Single processor solutions will inevitably have to trade-off the processor's computational power against its efficiency. When that trade-off becomes too great, developers look towards dual-core solutions.
Tomorrow’s commercial products will demand connectivity solutions to support advanced, highly-complex applications while also reducing time-to-market and development risk.
Two cores better than one
In a dual-core wireless SoC, one powerful processor with a high clock rate can be dedicated to the computational heavy lifting (and then switched off to save power until it is next needed). The other, a power-optimized processor with a slower clock, can be dedicated to wireless networking.
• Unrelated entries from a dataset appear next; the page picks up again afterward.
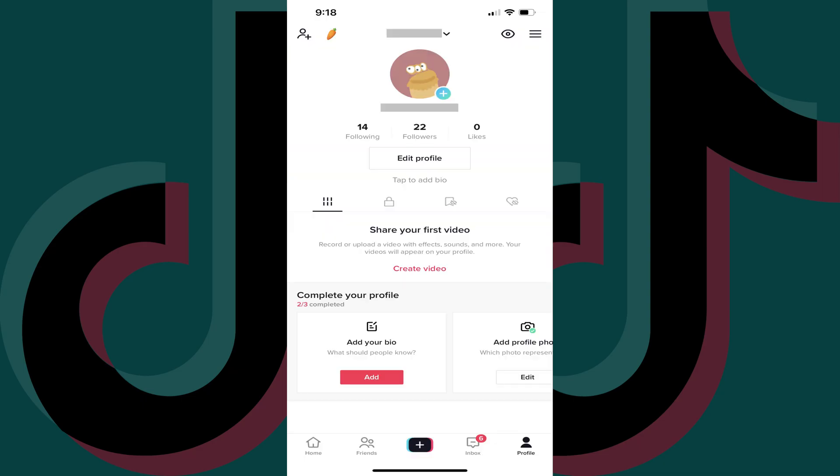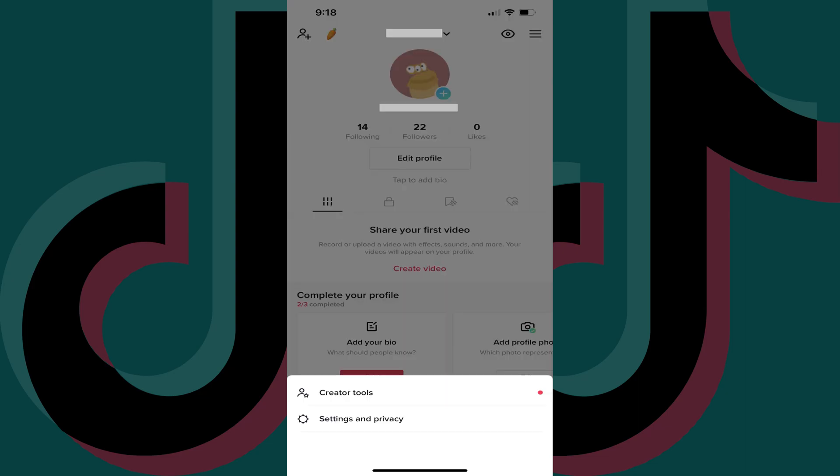Step 3: Tap the menu icon at the top of this screen. A menu pops up at the bottom of the screen. Step 4: Tap Settings and Privacy.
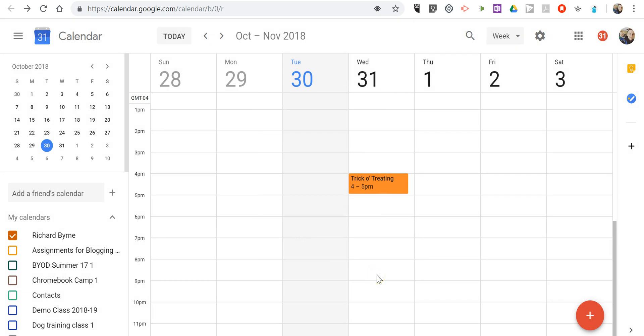So that's how you can change the color of events on your Google calendars.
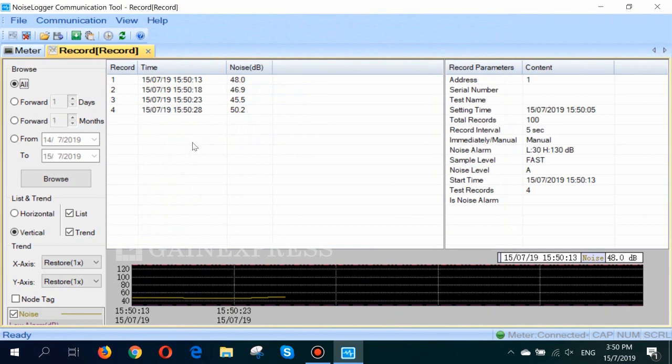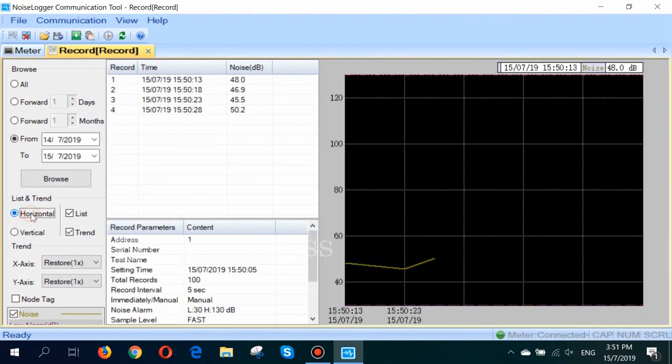Here you can see the log time, noise levels, and the bar graph display.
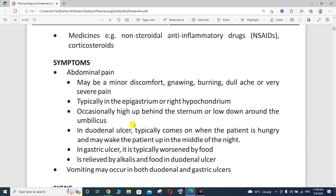Occasionally the pain radiates high up behind the sternum and low down around the umbilicus — just below the diaphragm. Duodenal ulcer pain typically comes on when the patient is hungry and may wake the patient up in the middle of the night. In gastric ulcer, the pain is typically worsened by food.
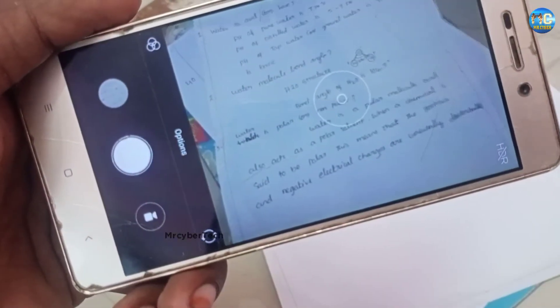Hello everyone, welcome to my channel Mr. CyberTech. In this video, you are going to study how to scan documents for school or college use.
Better yet, each core can also run its own software, preventing clashes between application code and RF protocol and allowing optimized algorithms for their destined processor. To make things even more battery-friendly, each processor can benefit from its own power management system.
Moreover, the application code can run continuously without interruptions from the radio. Or the other way around, the radio can run without being interrupted by the application code. Such a configuration is useful in mesh (for example, lighting) and mission-critical motor control applications.
An SoC for today … and tomorrow
Nordic’s nRF5340 is the world’s first wireless SoC to integrate two user-accessible Arm Cortex-M33 processor cores. The application processor is optimized for performance and can run at either 128 (for 514 CoreMark performance) or 64 MHz, and the network processor is optimized for efficiency (101 CoreMark/mA at 64 MHz).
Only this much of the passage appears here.